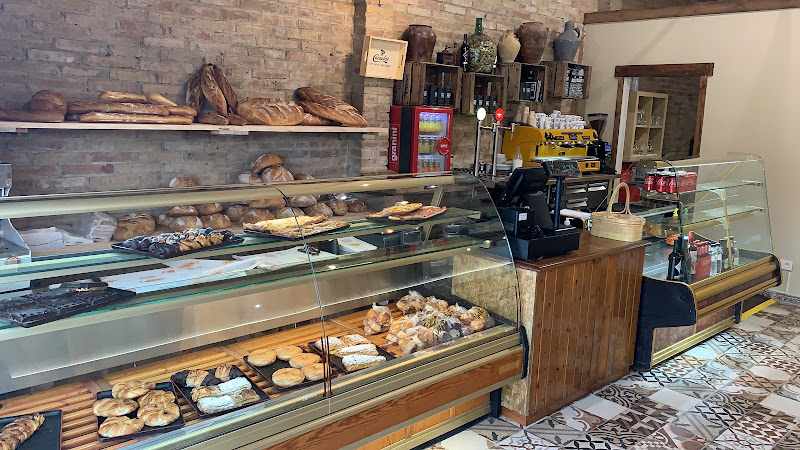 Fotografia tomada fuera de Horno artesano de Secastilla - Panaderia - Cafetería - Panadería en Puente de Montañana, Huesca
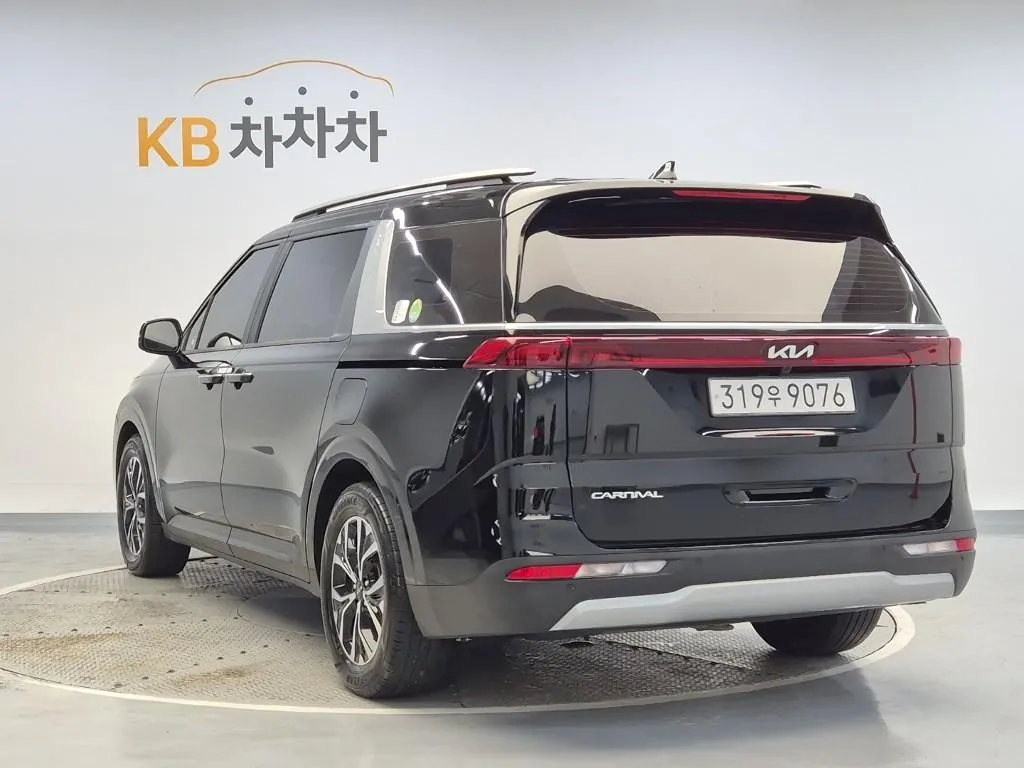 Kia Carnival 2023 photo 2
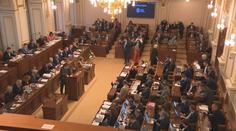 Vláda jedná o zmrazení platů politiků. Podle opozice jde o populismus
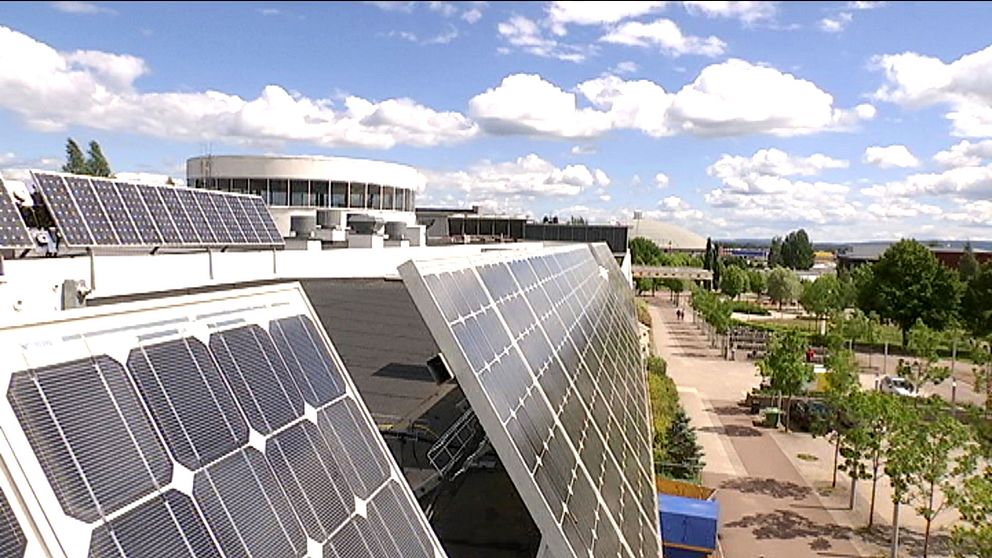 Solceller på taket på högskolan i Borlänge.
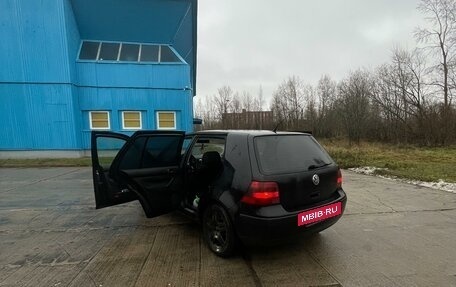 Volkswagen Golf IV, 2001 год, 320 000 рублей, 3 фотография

──────

> What you will do: Starting with the line that holds "Vláda jedná o", repeat exactly every line through the end of the material above, both ends included, without the pictures.

> Answer to this exercise:
 Vláda jedná o zmrazení platů politiků. Podle opozice jde o populismus
 Solceller på taket på högskolan i Borlänge.
 Volkswagen Golf IV, 2001 год, 320 000 рублей, 3 фотография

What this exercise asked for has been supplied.